= Organisation Africaine de la Propriété Intellectuelle =

OAPI logo

The Organisation Africaine de la Propriété Intellectuelle or OAPI ('African Intellectual Property Organization') is an intellectual property organization, headquartered in Yaoundé, Cameroon. The organisation was created by Bangui Agreement Relating to the Creation of an African Intellectual Property Organization of March 2, 1977. The Bangui Agreement was subsequently amended in 1999 and 2015, and entered into force on November 14, 2020.

Its 17 member states are mostly French-speaking countries.

==Members==

Map of Africa showing OAPI member states

1. Benin (Accession to the 1977 Bangui Agreement: March 19, 1983)
2. Burkina Faso (Accession to the 1977 Bangui Agreement: June 1, 1983)
3. Cameroon (Accession to the 1977 Bangui Agreement: February 8, 1982)
4. Central African Republic (Accession to the 1977 Bangui Agreement: February 8, 1982)
5. Chad (Accession to the 1977 Bangui Agreement: November 5, 1988)
6. Comoros (Accession to the 1977 Bangui Agreement: May 25, 2013)
7. Congo (Accession to the 1977 Bangui Agreement: February 8, 1982)
8. Côte d'Ivoire (Accession to the 1977 Bangui Agreement: February 8, 1982)
9. Equatorial Guinea (Accession to the 1977 Bangui Agreement: November 23, 2000)
10. Gabon (Accession to the 1977 Bangui Agreement: February 8, 1982)
11. Guinea (Accession to the 1977 Bangui Agreement: January 18, 1990)
12. Guinea-Bissau (Accession to the 1977 Bangui Agreement: July 8, 1998)
13. Mali (Accession to the 1977 Bangui Agreement: September 30, 1984)
14. Mauritania (Accession to the 1977 Bangui Agreement: February 8, 1982)
15. Niger (Accession to the 1977 Bangui Agreement: February 8, 1982)
16. Senegal (Accession to the 1977 Bangui Agreement: February 8, 1982)
17. Togo (Accession to the 1977 Bangui Agreement: February 8, 1982)

==Objectives==
The Bangui agreement gave the following responsibilities to OAPI:

1. To implement and apply common administrative procedure deriving from a uniform system for the protection of industrial property as well as the provision of international agreements in this field to which the Member States of the organisation have acceded and providing services related to industrial property.
2. To contribute to the promotion of the protection of literary and artistic property as an expression of cultural and social values.
3. To encourage the creation of associations of national authors in those Member States where such bodies do not exist.
4. To centralise, coordinate and disseminate information of all kinds relating to the protection of literary and artistic property and communicating that information to any state party to the agreement that request for it.
5. To promote the economic development of Member States notably by means of effective protection of Intellectual Property and related rights.
6. To provide intellectual property training.
7. To undertake any other assignment connected with its objective that might be entrusted to it by the Member States.

==Organs==
The organisation has three organs: The Administrative Council; the High Commission of Appeal; and the Directorate General.
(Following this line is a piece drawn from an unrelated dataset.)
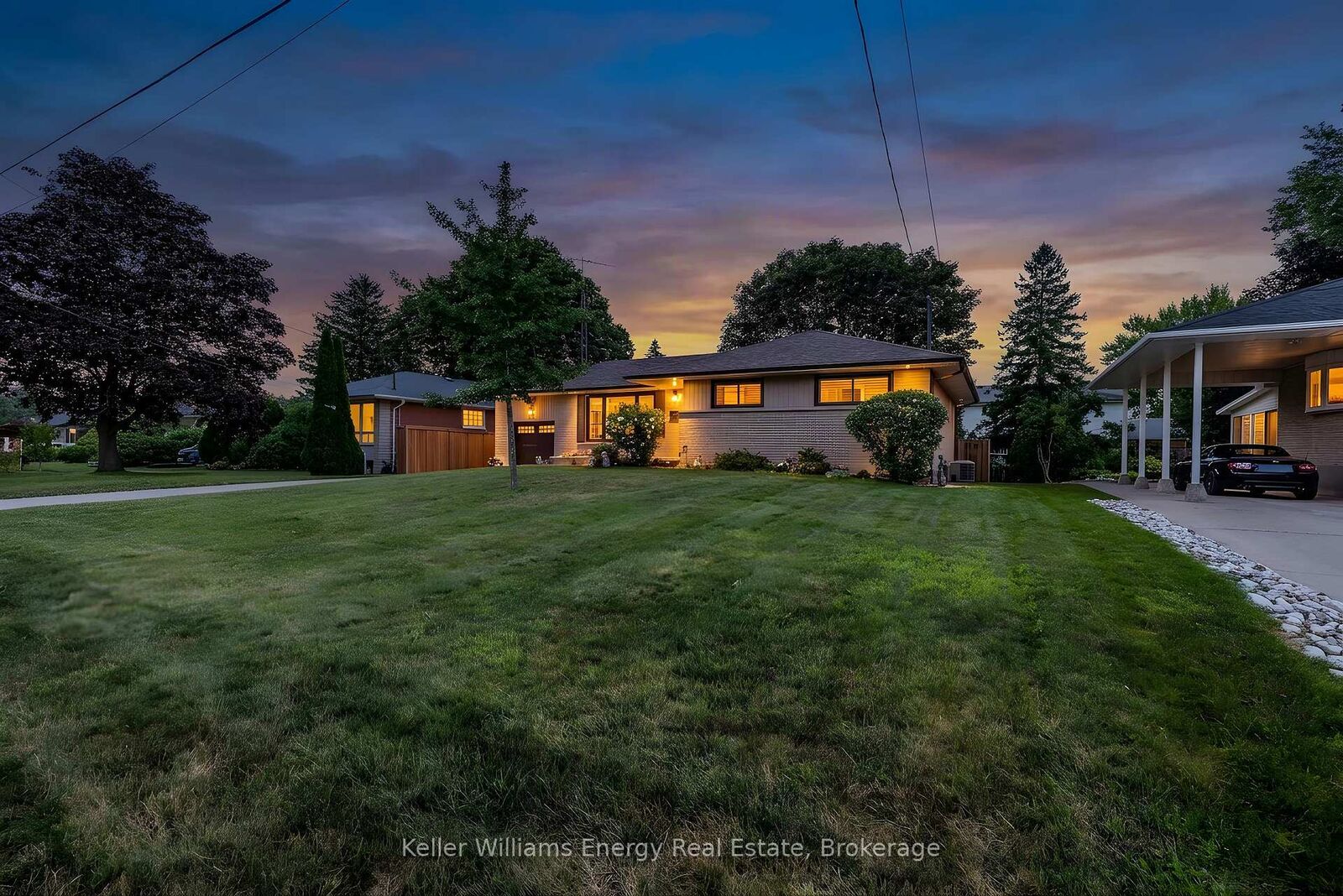 Property Photo: 403 Rossmount Avenue ON L1J 3K5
=== Administrative Council ===
The Administrative Council consists of representatives of OAPI Member States. Their functions include drawing up regulations for the implementation of the agreement, establishing the financial regulations and the fees to be paid, supervising the implementation of the regulation and creating ad hoc committees on specific issues. They are also to draw up appropriate regulations for the implementation of six international treaties and agreements, which all the Member States has agreed to enter under the Agreements. The official sessions of the Administrative Council are held annually though unofficial sessions can be called at any time to address pressing issues. The council is headed and chaired by a president.

=== High Commission of Appeal ===
The High Commission of Appeal is composed of three members selected by drawing lots from a list of representatives designated by Member States. Its functions include to rule on appeal from rejections of applications for titles of industrial property protection, rejections of request for the maintenance or extension of terms of protection, rejection of requests for reinstatement and decisions on opposition.
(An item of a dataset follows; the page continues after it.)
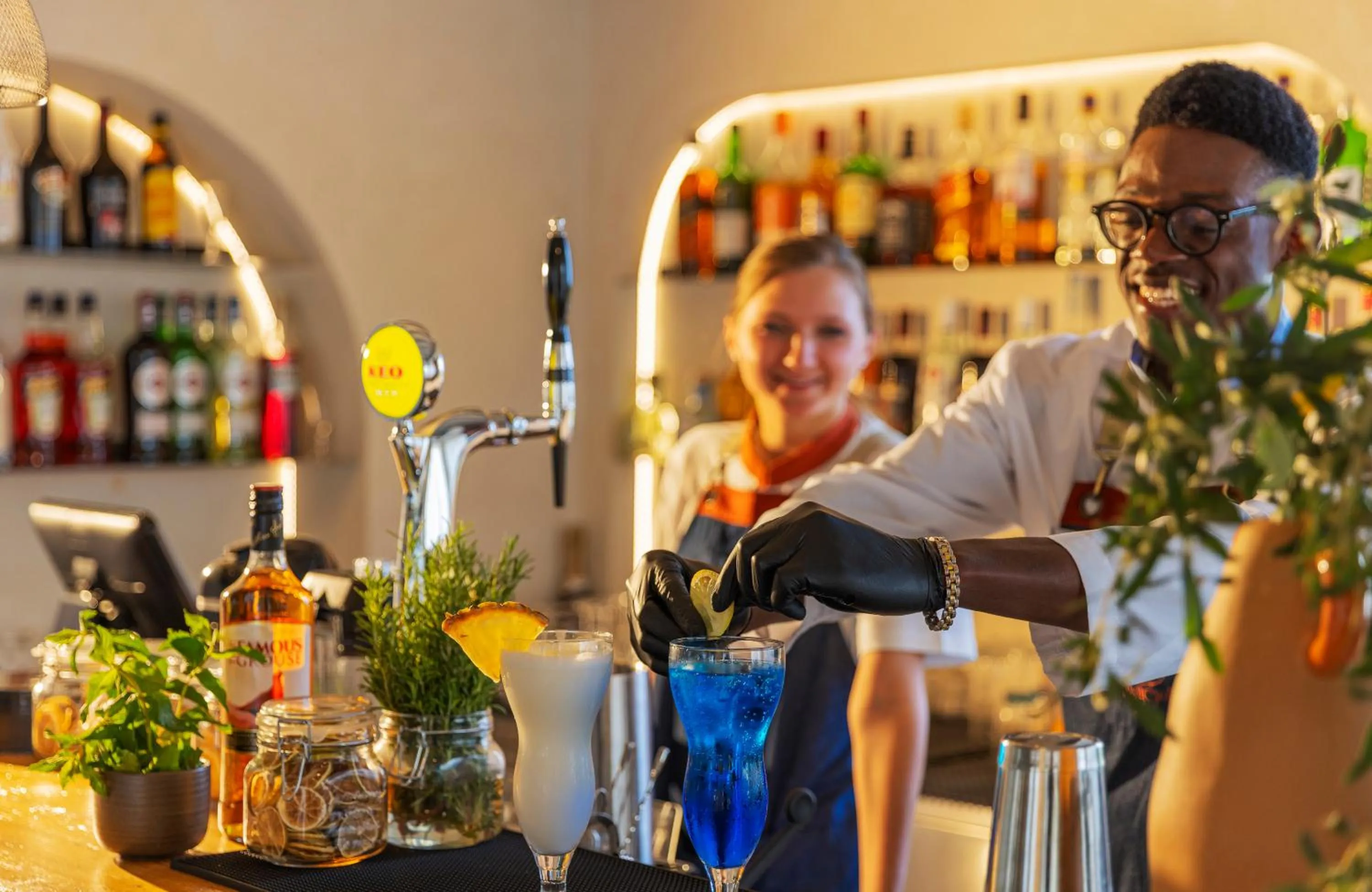 Lounge or bar in WellClub Resort - Wellness & SeaView Suites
=== Directorate General ===
The Directorate General is placed under the authority of the Director General and responsible for the executive work of the organisation. It is responsible for the daily activities of the organisation and implements the decisions of the Administrative Council and other tasks arising from provisions of the agreement.

===OAPI Centre for Mediation and Arbitration===

The OAPI Centre for Mediation and Arbitration is a neutral, international and non-profit dispute resolution provider that offers alternative dispute resolution (ADR) options. OAPI mediation, arbitration, expedited arbitration, and expert determination enable private parties to settle their domestic or cross-border IP and technology disputes out of court.

==Current administration==
The organisation is currently headed by Denis Loukou Bohoussou (from Côte d'Ivoire) following his installation ceremony on 31 July 2017 at OAPI’s headquarters in Yaounde, Cameroon. Bohoussou will serve a five-year term and replaces Paulin Edou Edou (of Gabon) who was OAPI’s Director-General for ten years (2007-2017).

Jean-Baptiste Wago (from the Central African Republic) is the Deputy Director-General, and Touré Serigne Momar Nasir (from Senegal) is the Financial Controller.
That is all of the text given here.